Mais alors, comment limiter le nombre de logements inoccupés ? Pour Nuno Travasso, il faudrait mettre en place des mesures à même de convaincre les propriétaires de rénover les logements et de les mettre en location. « On sait que les incitations fiscales peuvent faire baisser les prix sur le marché, en augmentant l’offre», explique-t-il. Ce phénomène a été observé pendant la crise de la Covid-19, quand plusieurs dizaines de milliers de logements touristiques se sont retrouvés sur le marché de la location traditionnelle, entraînant temporairement une chute des loyers. Si les pénalités fiscales imposées aux propriétaires privés restent impopulaires, les aides à la réhabilitation urbaine pourraient s’avérer être une mesure essentielle, susceptible d’encourager ces derniers à remettre en état leurs biens.

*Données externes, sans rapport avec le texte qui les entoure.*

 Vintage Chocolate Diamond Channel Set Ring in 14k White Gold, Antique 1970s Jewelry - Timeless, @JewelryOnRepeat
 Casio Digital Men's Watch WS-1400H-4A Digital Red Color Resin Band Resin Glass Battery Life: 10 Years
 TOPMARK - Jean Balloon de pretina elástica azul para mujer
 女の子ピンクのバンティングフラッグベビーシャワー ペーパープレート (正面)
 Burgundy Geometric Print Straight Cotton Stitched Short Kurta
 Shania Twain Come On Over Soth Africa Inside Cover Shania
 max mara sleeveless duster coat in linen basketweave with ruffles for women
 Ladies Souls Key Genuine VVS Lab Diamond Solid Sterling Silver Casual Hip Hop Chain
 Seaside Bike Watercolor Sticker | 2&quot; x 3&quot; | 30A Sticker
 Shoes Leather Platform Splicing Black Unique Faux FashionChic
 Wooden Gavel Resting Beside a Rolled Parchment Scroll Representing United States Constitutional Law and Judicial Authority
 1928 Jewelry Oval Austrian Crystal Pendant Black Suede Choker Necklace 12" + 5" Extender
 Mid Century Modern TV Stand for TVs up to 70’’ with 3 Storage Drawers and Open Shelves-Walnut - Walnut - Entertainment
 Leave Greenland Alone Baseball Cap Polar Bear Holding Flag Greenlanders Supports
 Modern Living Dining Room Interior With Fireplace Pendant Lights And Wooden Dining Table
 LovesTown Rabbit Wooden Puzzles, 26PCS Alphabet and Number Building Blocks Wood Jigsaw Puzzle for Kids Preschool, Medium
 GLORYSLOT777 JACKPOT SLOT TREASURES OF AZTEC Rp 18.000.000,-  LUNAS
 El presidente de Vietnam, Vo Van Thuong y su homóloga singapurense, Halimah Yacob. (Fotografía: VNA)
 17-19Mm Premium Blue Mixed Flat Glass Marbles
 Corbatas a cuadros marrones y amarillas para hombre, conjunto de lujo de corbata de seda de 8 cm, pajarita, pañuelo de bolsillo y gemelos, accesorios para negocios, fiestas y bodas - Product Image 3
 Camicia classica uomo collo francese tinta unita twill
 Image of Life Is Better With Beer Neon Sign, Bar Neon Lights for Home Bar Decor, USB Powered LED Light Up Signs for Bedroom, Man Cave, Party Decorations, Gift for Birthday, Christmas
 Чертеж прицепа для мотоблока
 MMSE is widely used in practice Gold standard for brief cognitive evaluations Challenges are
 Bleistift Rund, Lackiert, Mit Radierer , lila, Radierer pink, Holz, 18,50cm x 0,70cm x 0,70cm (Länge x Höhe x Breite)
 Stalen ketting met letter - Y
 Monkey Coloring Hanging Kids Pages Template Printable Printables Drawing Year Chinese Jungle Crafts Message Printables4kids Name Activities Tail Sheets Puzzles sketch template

La réforme des visas dorés pourrait également représenter une piste de réflexion intéressante pour Luís Mendes. Cette dernière a mis fin à l’éligibilité des investissements immobiliers traditionnels, pour se concentrer sur des formes d’investissement jugées prioritaires pour l’économie, comme la recherche, la préservation du patrimoine, ou les fonds productifs. « De la même façon, on pourrait imaginer de diriger les Golden Visa vers des immeubles nécessitant une rénovation, à condition que ceux-ci soient ensuite mis sur le marché à un prix accessible ». Un tel modèle permettrait de mobiliser l’investissement étranger pour remettre en circulation des logements rénovés. 

En attendant, la question des appartements vacants gagne en visibilité, notamment grâce à l’application participative Devolutos. Lancée en juin dernier, cette plateforme cherche à cartographier les 46 000 logements inoccupés de la capitale. Concrètement, tout utilisateur peut y signaler un bien inhabité et indiquer sa localisation. À ce jour, plus de 5 000 édifices ont été recensés, preuve que ces logements vides ne passent pas inaperçus – et constituent une source croissante de préoccupation.